El pasaporte con chip tendría un costo base de 17 euros, que al cambio actual equivale a unos 79.900 pesos. A esa cifra se le sumarían gastos como transporte, el impuesto de timbre (75.000 pesos) y otros costos operativos. Esto significa que el precio final podría ser igual o incluso mayor al que se paga hoy, dependiendo de cómo fluctúe el euro frente al peso.
Actualmente, el pasaporte ordinario en Bogotá cuesta 186 mil pesos, mientras que el ejecutivo vale 319 mil pesos. Con el nuevo esquema, el precio ya no sería fijo en pesos, sino que quedaría sujeto a las variaciones del mercado cambiario internacional.
El documento filtrado indica que la Casa de la Moneda de Portugal (INCM) asumiría la producción y personalización de los pasaportes durante 10 años, desde septiembre de 2025 hasta julio de 2035. La Cancillería colombiana, por su parte, se haría cargo de los sobrecostos derivados de la fluctuación de la tasa de cambio.
Lo que dijo Laura Sarabia a su salida de la Cancillería
Laura Sarabia presentó su renuncia el jueves 3 de julio. La hasta ahora canciller argumentó en una carta que no podía acompañar decisiones recientes del presidente Gustavo Petro, a quien acompañó desde la campaña. El gesto fue interpretado como una muestra de desacuerdo profundo en medio de la crisis por la fabricación de pasaportes.
“Se trata de un rumbo que ya no me es posible ejecutar”, escribió Sarabia en la comunicación. La funcionaria, que también ocupó cargos como directora del Departamento Administrativo de la Presidencia (DAPRE) y del Departamento de Prosperidad Social (DPS), agradeció la oportunidad y expresó que su salida era por “coherencia personal y respeto institucional”.

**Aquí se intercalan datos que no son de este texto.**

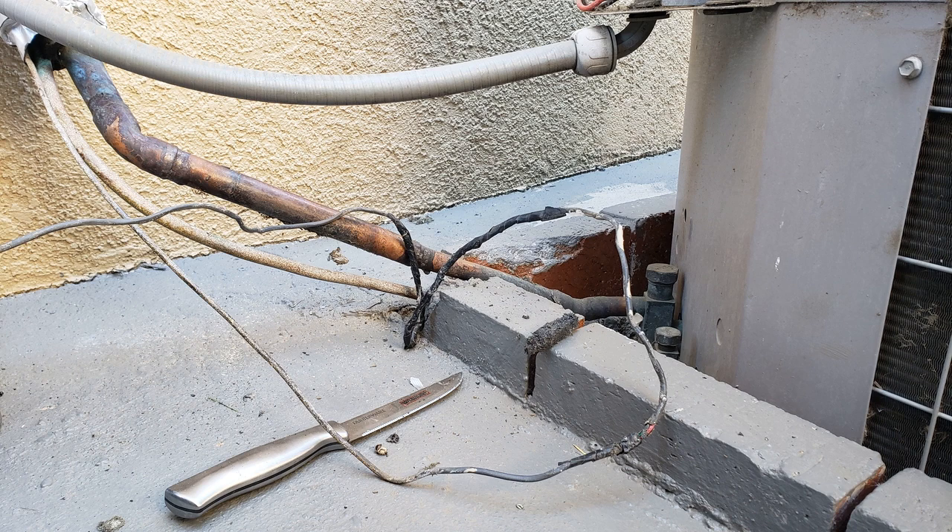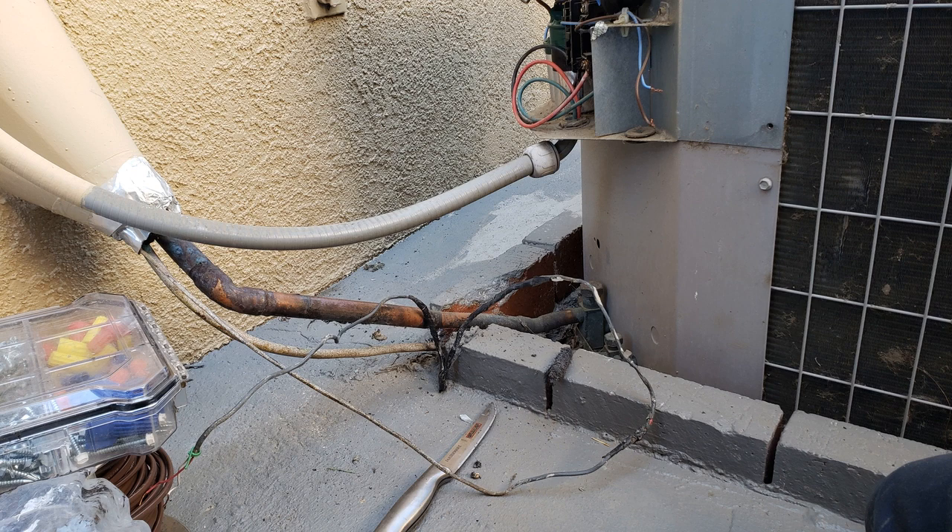I've never heard of any low voltage wire that we use in residential heating and air conditioning that is rated for outdoors, including wet and damp conditions. So why, when I service equipment and go on HVAC inspections around the Sacramento area, do I find dried up, brittle sections of thermostat wire that are simply taped to the suction line from the wall to the AC?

“En los últimos días se han tomado decisiones que no comparto y que, por coherencia personal y respeto institucional, no puedo acompañar. No se trata de diferencias menores ni de quién tiene la razón. Se trata de un rumbo que, con todo el afecto y respeto que le tengo, ya no me es posible ejecutar”, señaló la escudera del mandatario desde la campaña presidencial.

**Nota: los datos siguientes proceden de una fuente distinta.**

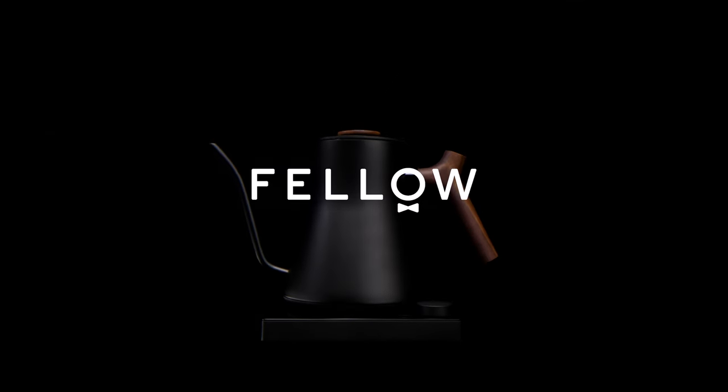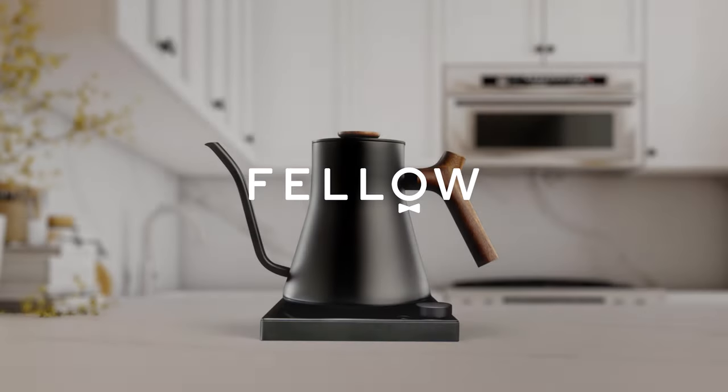For however you brew, whenever you brew — the new Stagg EKG Pro and Pro Studio Edition. Because even icons evolve.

También aclaró: “Mi renuncia es el resultado de una reflexión profunda, motivada por la responsabilidad que siento con mi conciencia, con el país y con la forma en que entiendo el ejercicio del poder público. Me retiro con la tranquilidad de haber entregado lo mejor de mí y con la certeza de que hay momentos en los que decir adiós es también una forma de cuidar”, añadió.

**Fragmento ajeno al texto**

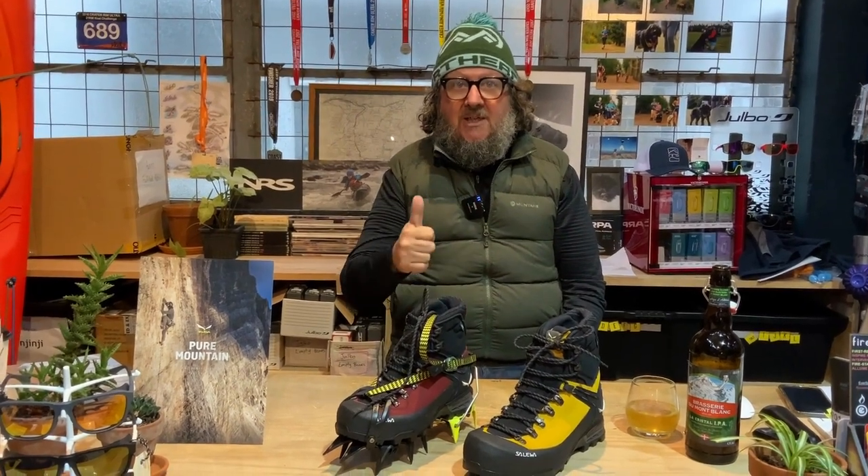There you are — that's the Salewa Autles Mid Gore-Tex. It's snowing outside and I hope you guys are all about to play in the snow this weekend. Cheers, see you soon!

La renuncia de Sarabia se enmarca en la polémica por la adjudicación del contrato para fabricar los pasaportes colombianos. Hasta hace unos días, la Cancillería —por voz de Sarabia— había anunciado que renovaría el contrato con Thomas Greg & Sons por 11 meses, usando la figura de “urgencia manifiesta” para evitar que el servicio quedara suspendido a partir del 31 de agosto.
Sin embargo, la Casa de Nariño cambió de dirección. El presidente Gustavo Petro decidió que la fabricación debía pasar a manos de la Imprenta Nacional, en alianza con la Casa de la Moneda de Portugal. Esta decisión, promovida por Alfredo Saade, nuevo jefe de gabinete, generó choques internos y puso en duda la capacidad técnica de la Imprenta para asumir el reto.
Sarabia había defendido la necesidad de prorrogar el contrato vigente para garantizar la continuidad del servicio. Su antecesor, Luis Gilberto Murillo, ahora precandidato presidencial, la contradijo en redes sociales afirmando que existía un plan alternativo estructurado con Portugal desde 2024. Esto aumentó la presión pública y evidenció fisuras en la Cancillería.
En un consejo de ministros transmitido por televisión, Petro fue categórico: “No va a seguir Thomas Greg & Sons porque la licitación era fraudulenta”. Para muchos, fue una desautorización directa a Sarabia, quien días antes había defendido la prórroga.